3L’Iran, en effet, dans L’Usage du monde, constitue l’horizon géographique à atteindre, ou plutôt historique, son centre donc, comme incarnation des débuts de l’humanité. Bouvier va en faire un usage, par les mots, qui va dépasser le simple récit de voyage : car ce pays, plus que les autres sans doute, pourrait en retour être le lieu qui donne naissance à Bouvier en tant qu’écrivain, telle une matrice textuelle, fusionnant voyage et écriture.
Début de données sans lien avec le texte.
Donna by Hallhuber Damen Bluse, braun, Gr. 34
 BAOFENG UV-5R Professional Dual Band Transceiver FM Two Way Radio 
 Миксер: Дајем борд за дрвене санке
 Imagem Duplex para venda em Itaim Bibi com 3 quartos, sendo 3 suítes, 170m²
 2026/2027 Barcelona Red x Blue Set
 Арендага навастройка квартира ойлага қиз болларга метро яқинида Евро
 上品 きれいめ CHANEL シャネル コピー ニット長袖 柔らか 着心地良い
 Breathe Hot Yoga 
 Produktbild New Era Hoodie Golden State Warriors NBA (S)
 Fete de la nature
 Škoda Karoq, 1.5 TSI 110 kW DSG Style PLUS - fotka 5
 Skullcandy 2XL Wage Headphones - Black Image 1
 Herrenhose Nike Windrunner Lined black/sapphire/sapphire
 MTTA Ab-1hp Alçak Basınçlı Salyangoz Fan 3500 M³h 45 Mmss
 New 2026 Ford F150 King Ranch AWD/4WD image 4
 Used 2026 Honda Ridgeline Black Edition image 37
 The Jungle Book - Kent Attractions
« Pour avoir le sentiment du passé5 »

4Ainsi, plus qu’un voyage dans l’espace, Bouvier rappelle à plusieurs reprises qu’il s’agit d’un voyage dans le temps : l’avancée vers l’Est signifie un retour vers le lieu des origines de la civilisation. Dans L’Usage du monde, et à la différence des autres pays traversés, Bouvier évoque de manière prégnante l’existence « immémoriale6 » et « millénaire7 » de l’Iran, « ce tendre et vénérable monde ancien8 », ce dont témoigne d’emblée le titre du chapitre qui ouvre l’arrivée en Iran, « Le lion et le soleil » : ce lion solaire, armé d’une épée symbolise la Perse depuis le XIIIe siècle, les deux emblèmes figurant sur les pièces de monnaie depuis le XVIe siècle9 :

Ce sont des paysans assez misérables, soumis depuis des générations à un dur régime de fermage féodal. D’aussi longtemps qu’ils se souviennent, on ne leur a jamais fait pareil cadeau. Cela leur paraît d’autant plus suspect que, dans les campagnes iraniennes, l’Occidental a toujours eu réputation de sottise et de cupidité. Rien ne les a préparés à croire au Père Noël.10

5Bouvier inscrit ainsi son voyage dans une Perse mythique, dont il rappelle le nom à loisir, préféré à son nom moderne d’Iran, plus officiel mais dépourvu de toute connotation.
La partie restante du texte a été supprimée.